A4 Plant functional trait diversity, biotic interactions and ecosystem processes in nutrient- versus water-limited tropical mountain forests. [funded by DFG]
PI(s) for this project:
Prof. Dr. Thomas Hickler
In line with the objectives of the first phase of the RESPECT project, we have implemented plant trait variability in the dynamic regional to global vegetation model LPJ-GUESS (Lund-Potsdam-Jena General Ecosystem Simulator, www.nateko.lu.se/lpj-guess) to represent the high biodiversity in the mountains of southern Ecuador. The new model (LPJ-GUESS-NTD, Nutrient-Trait-Dynamics) woody individual has now an unique set of plant traits, and competition between individuals for resources (light, water, nitrogen [N] and phosphorous [P]) as well as their adaptation to abiotic factors (mainly temperature) and disturbances determines which individuals (and their respective traits) become dominant. The values of Specific Leaf Area (SLA) and Wood Specific Gravity (WSG) of woody plant individuals are randomized at establishment and other traits are derived by implementing measured relationships to these traits. Since individuals are limited by nutrient availability, and the nutrient cycle is represented by the model´s soil organic matter module, we were able to demonstrate by deactivating plant nutrient limitation and trait variation that nutrients are by far the main abiotic drivers of trait community assembly in the elevation gradient.

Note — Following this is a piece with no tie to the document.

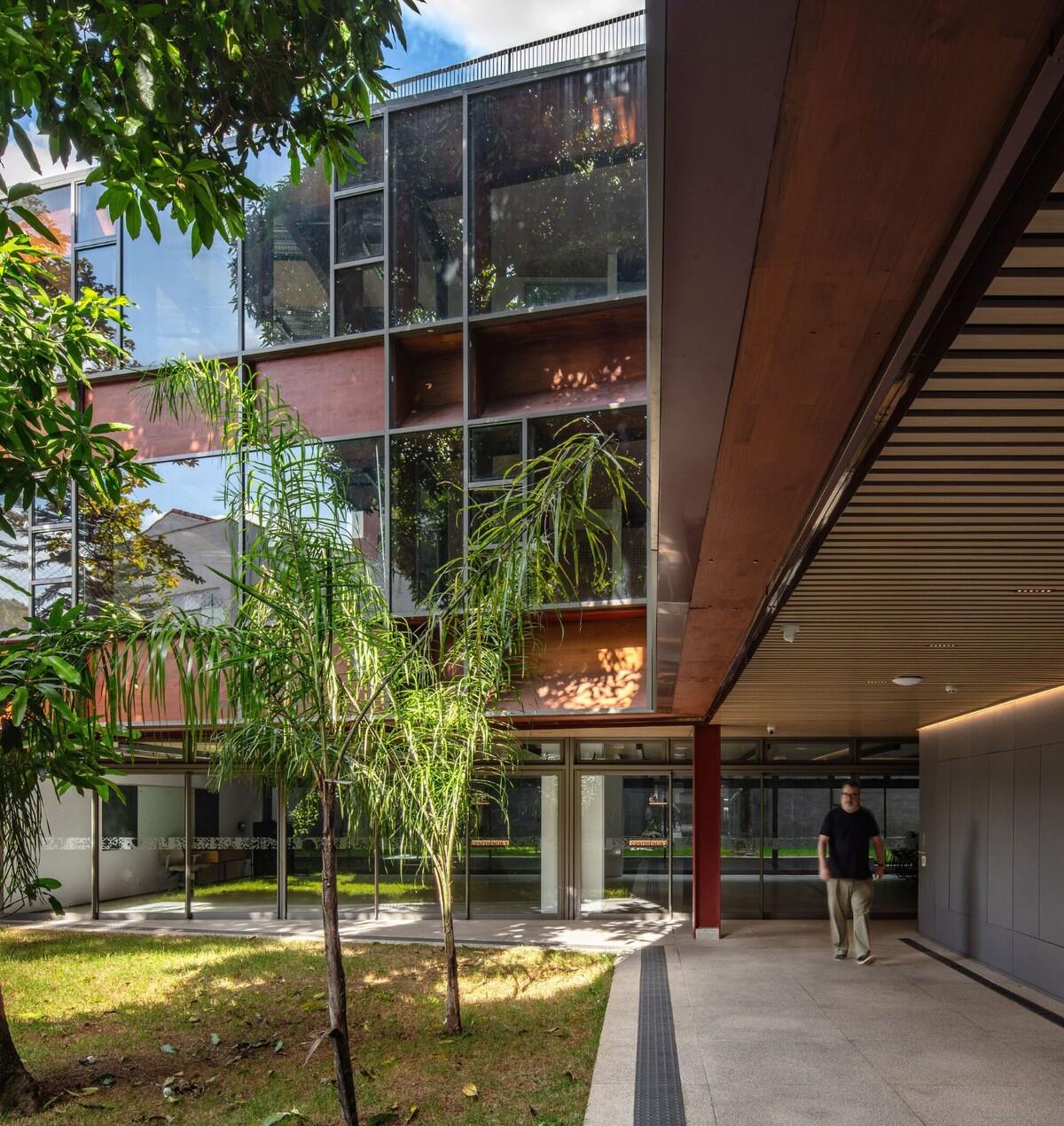 鲁道夫斯坦纳大学 / Biselli Katchborian Arquitetos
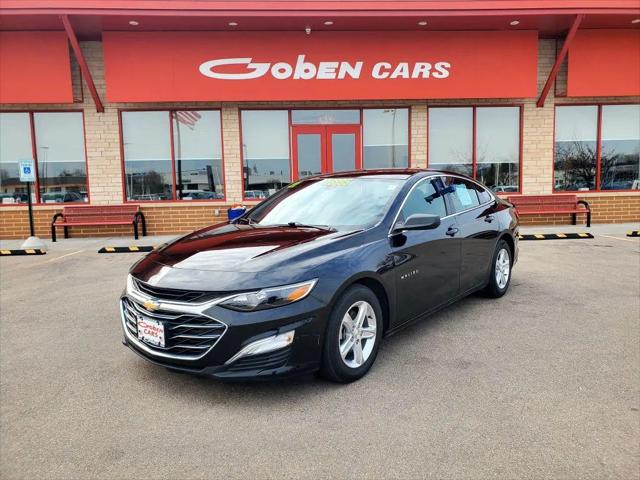 2021 Chevrolet Malibu FWD 1FL for sale in Middleton, WI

While the disproportionate role of nutrient limitation is true for shaping the biodiversity of the tropical mountain forests of South Ecuador, this may not be case for other environments. In order to allow our model to produce realistic patterns of trait distributions along wider regional areas, we aim in the second phase of RESPECT to improve LPJ-GUESS-NTD to account better for water limitations, with the support of the data and expertise of the other subprojects. For this second phase, we hypothesize that differences in water availability and the length of the dry season are the main driver of the community trait composition and ecosystem functioning at our dry forest study sites, in sharp contrast to the nutrient-driven dynamics at the mountain rain forest. In addition we aim to explore further the impacts of plant herbivory and seed dispersal to ecosystem processes using the data collected from the first project phase.